** Material provided follows **
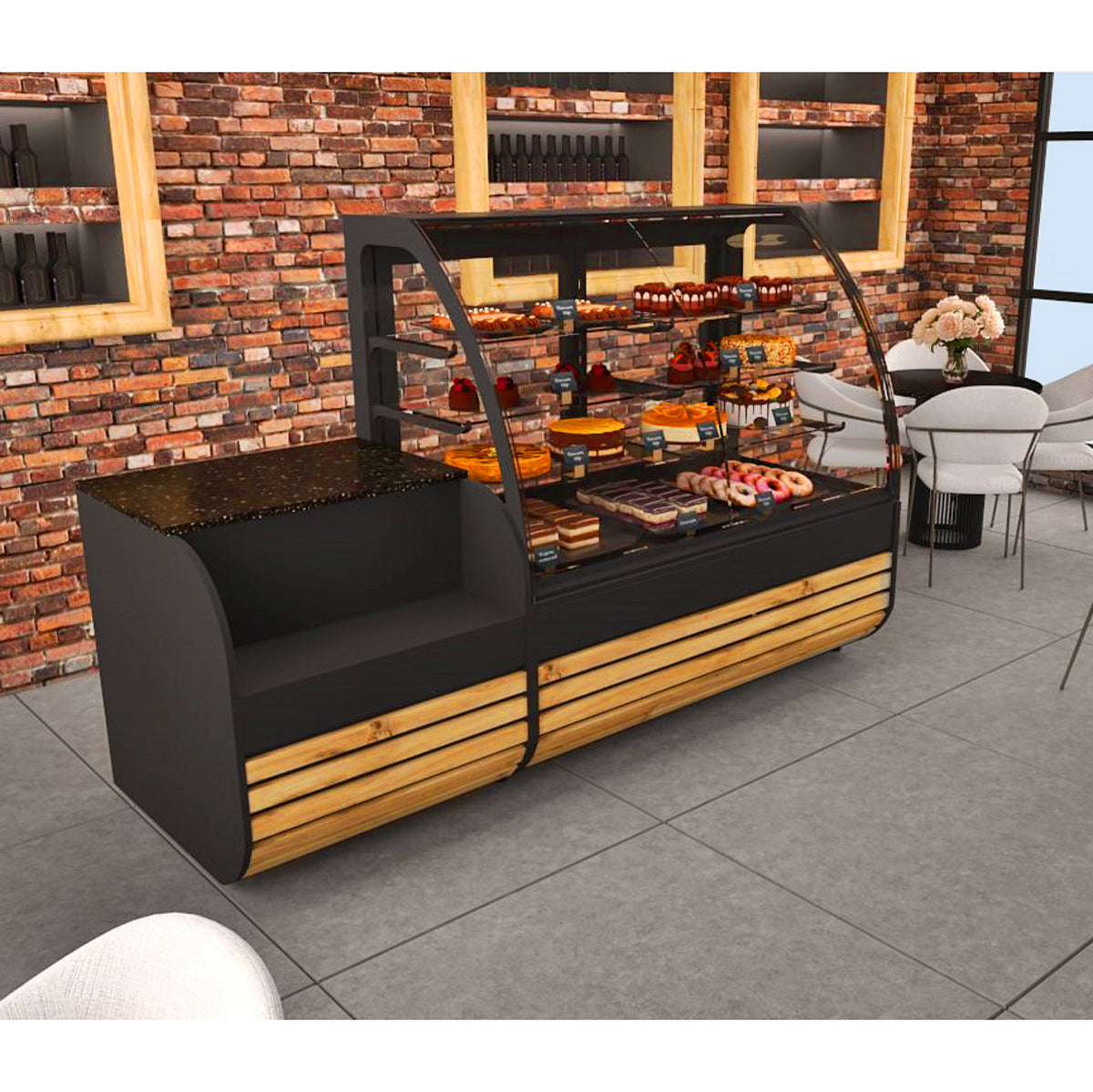 Cake display - 1.84 x 0.82 m - with 3 glass shelves - incl. Cash register - 1.1 m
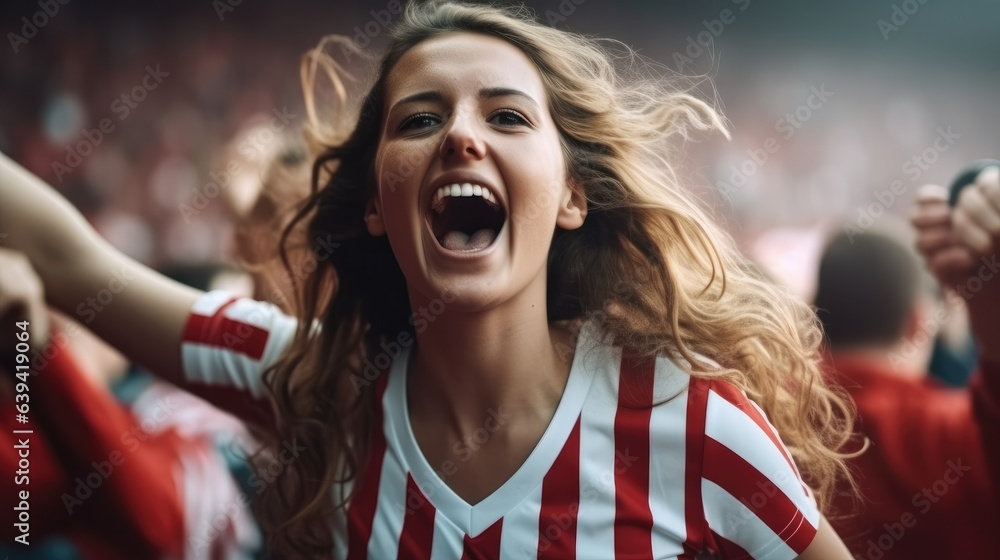 Happy attractive girl as soccer fan at soccer stadium.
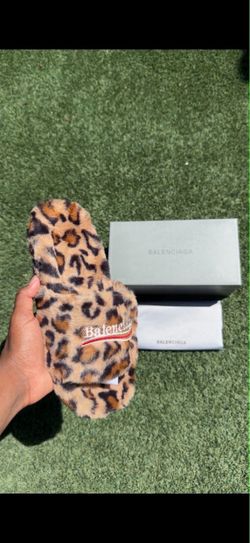 Cheetah Print Balenciaga Slides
** End of Material provided **
What to work on →
For this exercise, retype exactly, and only, the lines from the line with "Happy attractive girl" through the last line of the material above, both included. Pictures stay out.

Task answer →
 Happy attractive girl as soccer fan at soccer stadium.
 Cheetah Print Balenciaga Slides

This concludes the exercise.